[Work instructions]
Look below for the line that contains "Image of Na'Rak", then quote it and all the lines after it, exactly, with the pictures left out.
(Data for review begins)
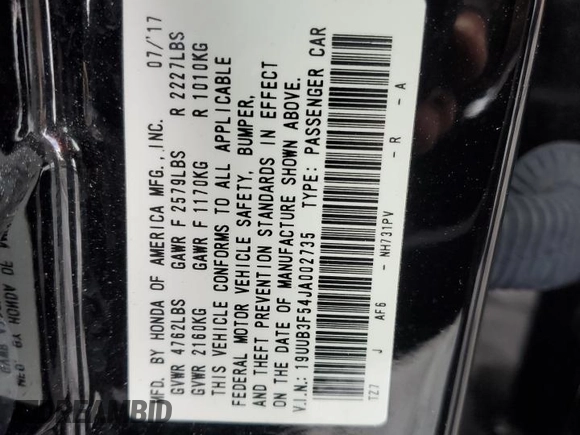 2018 Acura TLX Technology z VIN 19UUB3F54JA002735, wystawiony jako Copart lot #82657074 z przebiegiem 44 392 mil mil oraz Szkoda całkowita • Salvage title. Historia ofert i sprzedaży dostępna na DreamBid. Obrazek 13.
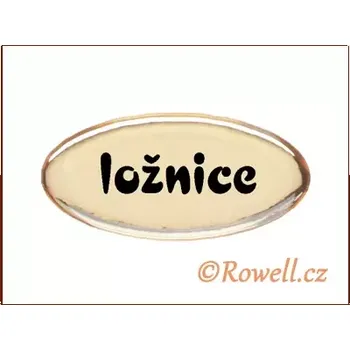 Dveřní kování SD Štítek zlatý 'ložnice'
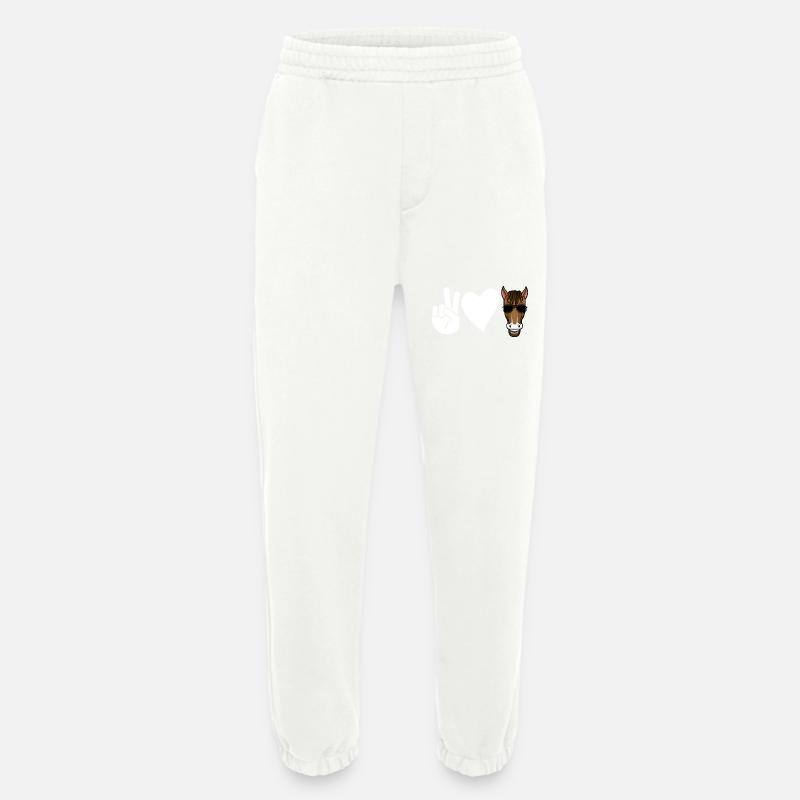 Reiten Pferd - Heavyweight Jogginghose - made by SPREAD  - OFF WHITE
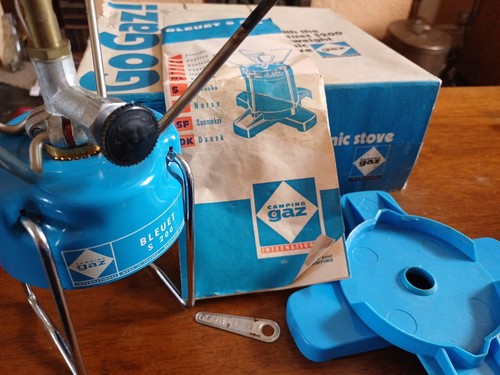 Vintage camping gaz bleuet - vintage,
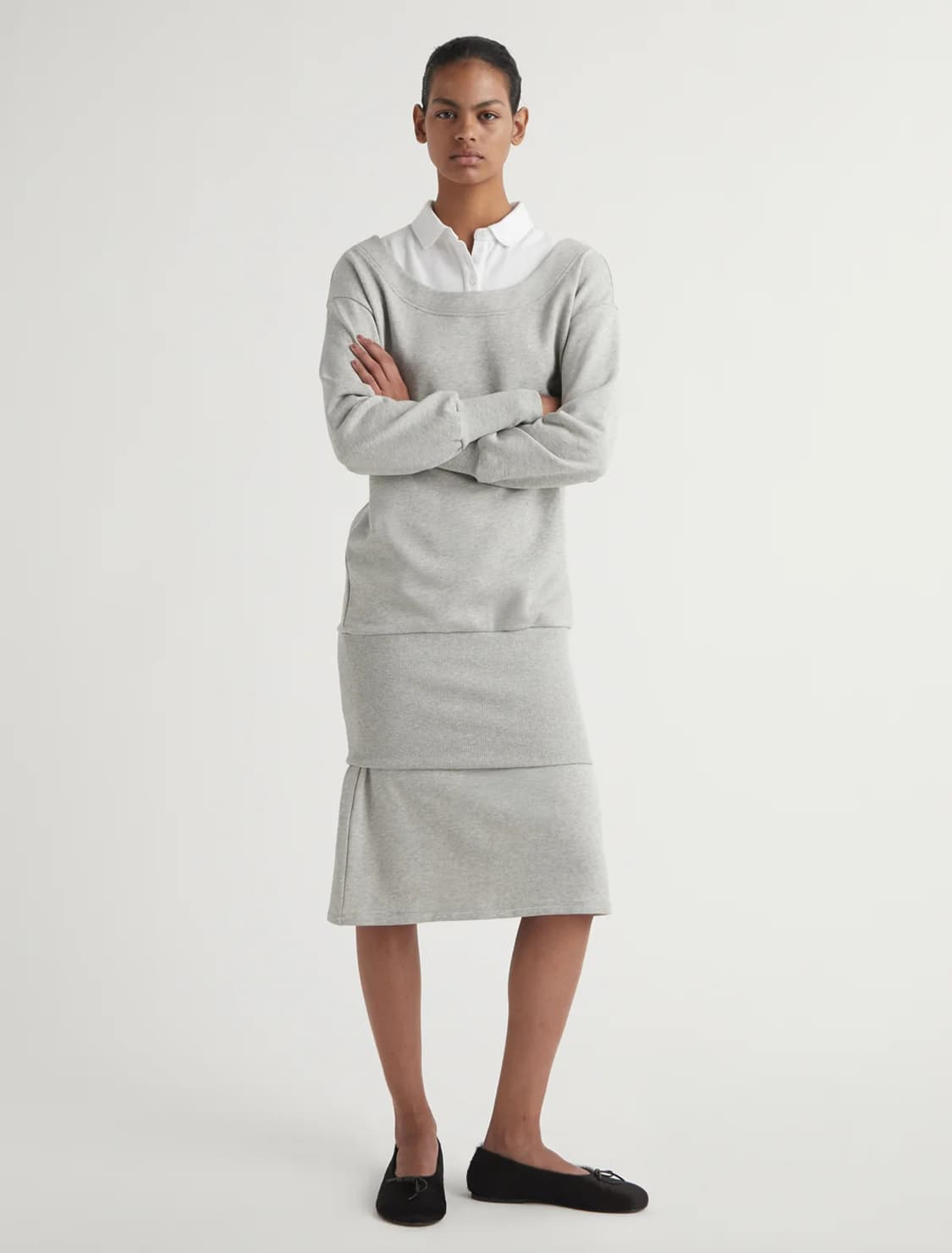 (S,M) 팔로마울 no2819 Belda 원피스 / 그레이 상품이미지2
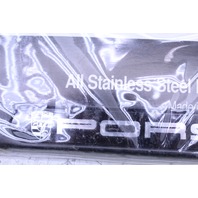 Porsche Stainless Steel License Plate Frame Stock#NOF3601 OEM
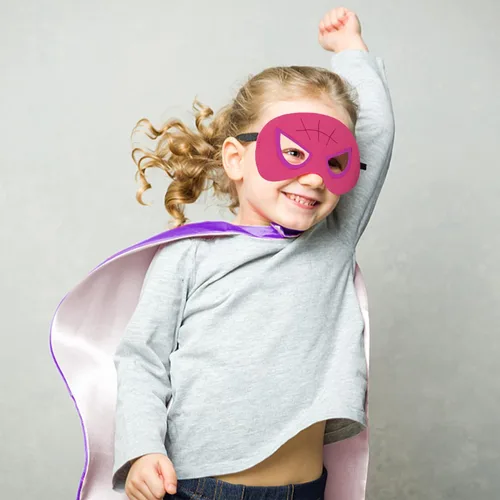 Vista 31 de Capa de disfraz para niños, capa de superhéroe con máscara y cintura, disfraces de Halloween y disfraces de fiesta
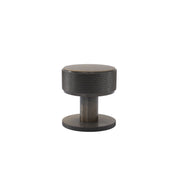 Momo Belgravia Knurled 35mm Solid Brass Round Knob Dark Brushed Brass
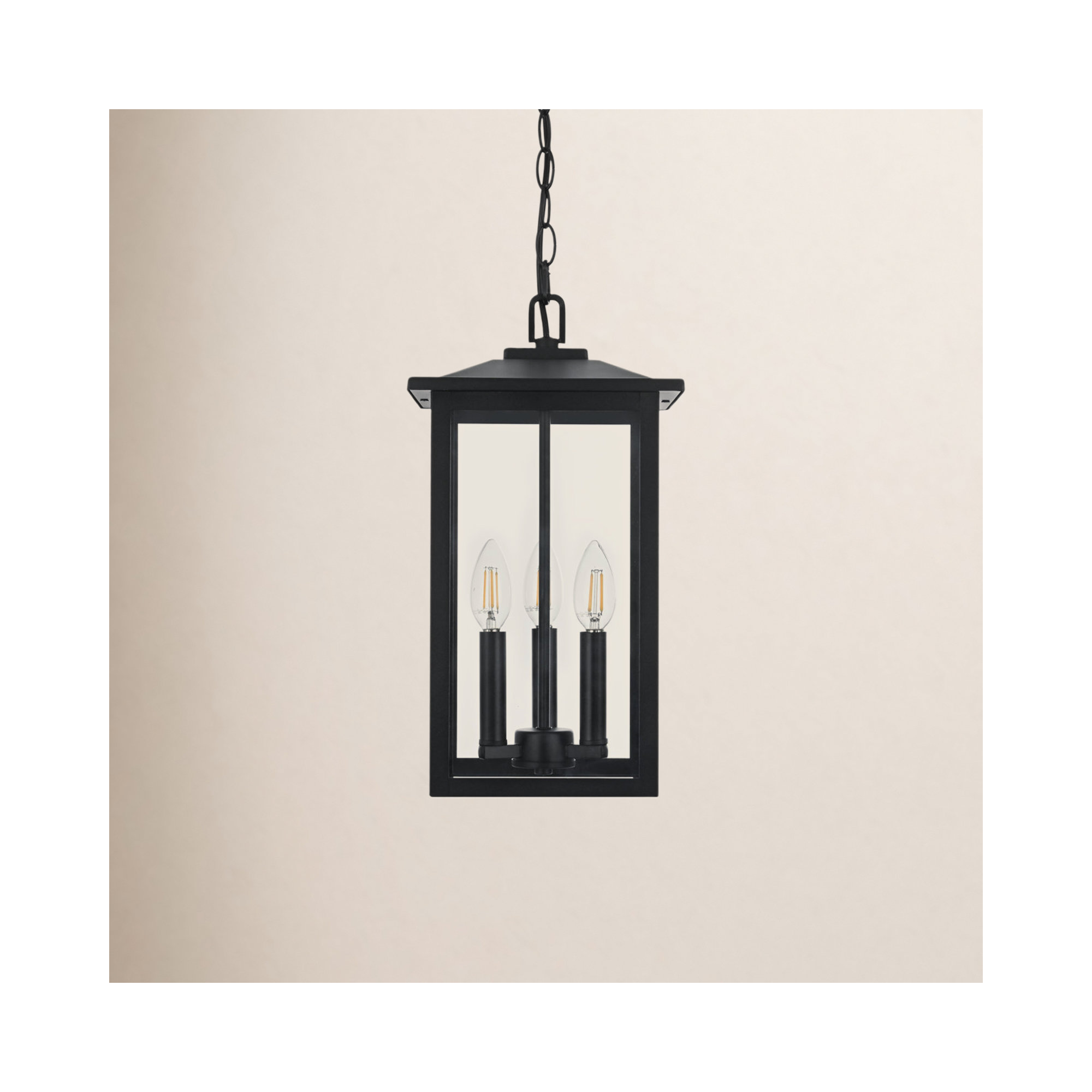 Glenwood 9 Inch Outdoor Pendant in Black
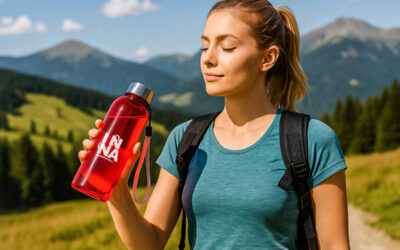 Butelki i bidony z nadrukiem – skuteczna reklama na co dzień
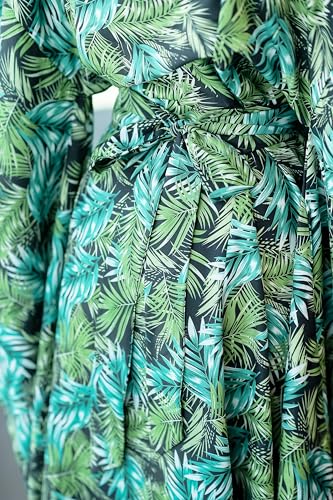 Image of Na'Rak Women's Kimono Robe, Full-Wrap Yukata Style Long Soft Loungewear Luxury Dressing Gown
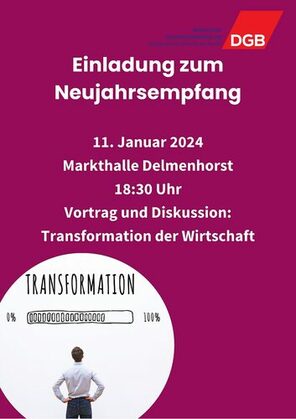 DGB Neujahrsempfang -  Transformation der Wirtschaft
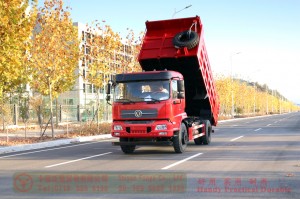 Xe ben Dongfeng Thiên Tân 4*2 – Xe ben có sức kéo 12 tấn xuất khẩu – Xe ben 240 mã lực xuất khẩu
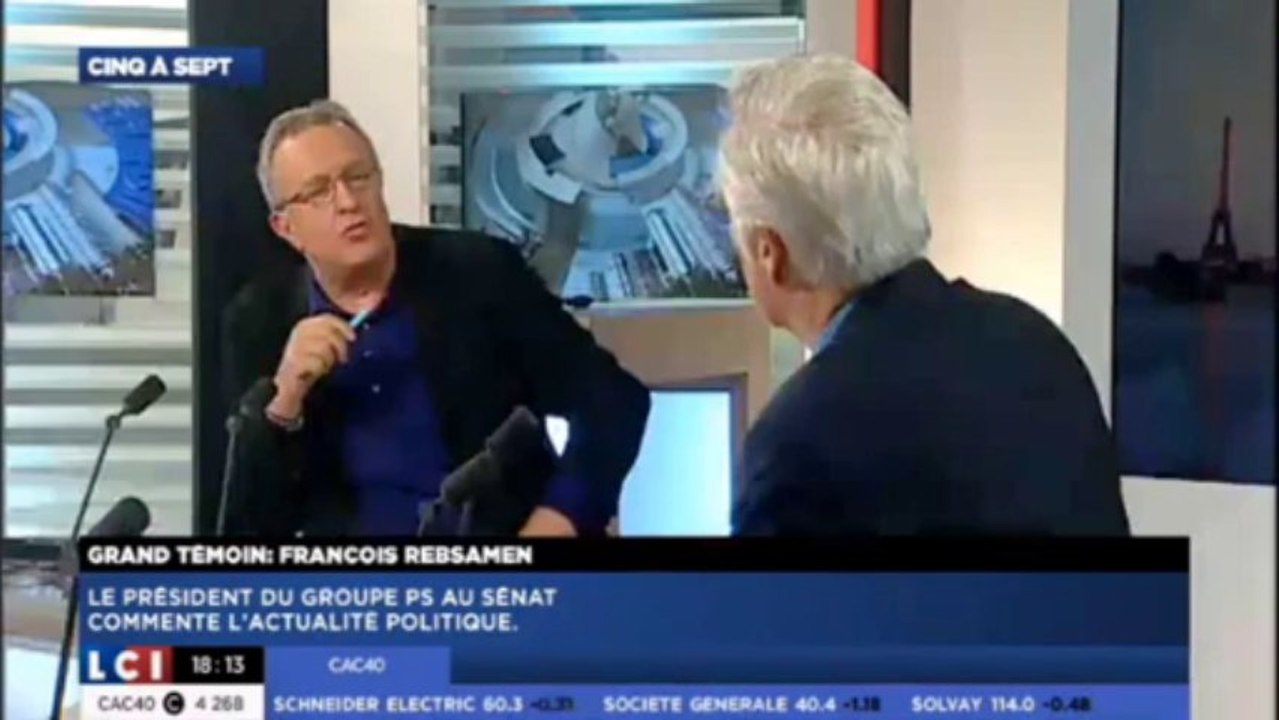 François Rebsamen, "Le grand témoin" de Michel Field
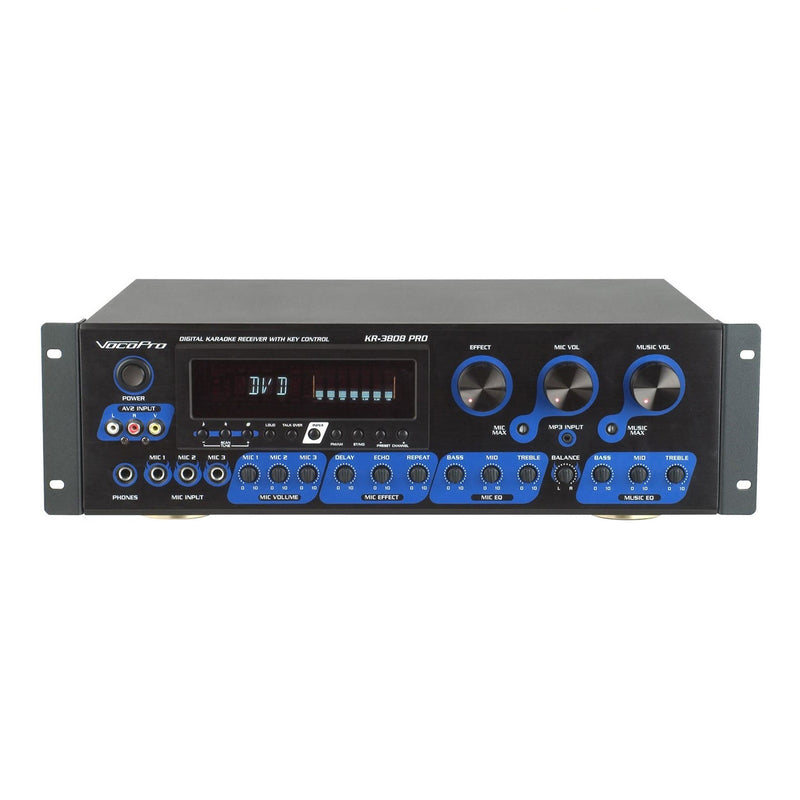 VocoPro KR-3808 Pro Digital Karaoke Mixing Amplifier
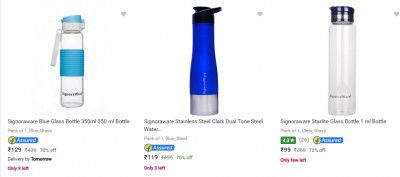 Signoraware bottles @ 70% Discount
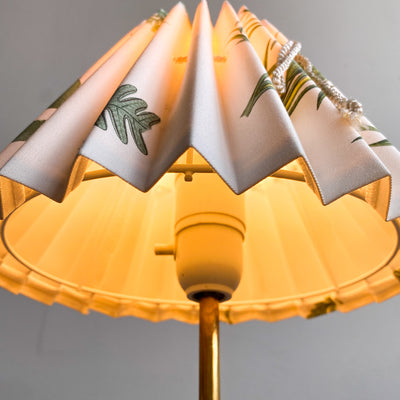 Bordslampa i mässing och glas - Falkenbergs belysning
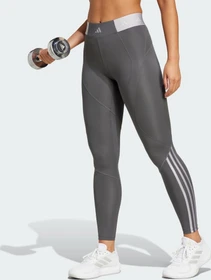 adidas Hyperglam Full-Length Hose lang grey six/glory grey (Damen)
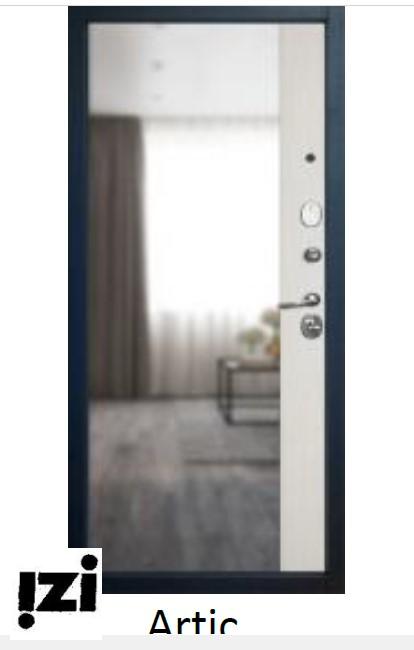 Входные двери EXPERT Pro Glanta Artic MAXI Mirror зеркало (VFD  Владимировская фабрика дверей )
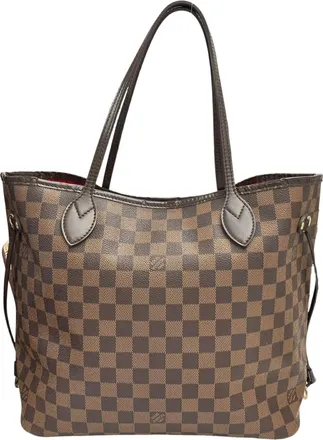 Louis Vuitton Brown Damier Canvas Damier Canvas Shoulder Bag Tote Bag (Pre-Owned)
(Data for review ends)
[Exercise response]
 Image of Na'Rak Women's Kimono Robe, Full-Wrap Yukata Style Long Soft Loungewear Luxury Dressing Gown
 DGB Neujahrsempfang -  Transformation der Wirtschaft
 Xe ben Dongfeng Thiên Tân 4*2 – Xe ben có sức kéo 12 tấn xuất khẩu – Xe ben 240 mã lực xuất khẩu
 François Rebsamen, "Le grand témoin" de Michel Field
 VocoPro KR-3808 Pro Digital Karaoke Mixing Amplifier
 Signoraware bottles @ 70% Discount
 Bordslampa i mässing och glas - Falkenbergs belysning
 adidas Hyperglam Full-Length Hose lang grey six/glory grey (Damen)
 Входные двери EXPERT Pro Glanta Artic MAXI Mirror зеркало (VFD  Владимировская фабрика дверей )
 Louis Vuitton Brown Damier Canvas Damier Canvas Shoulder Bag Tote Bag (Pre-Owned)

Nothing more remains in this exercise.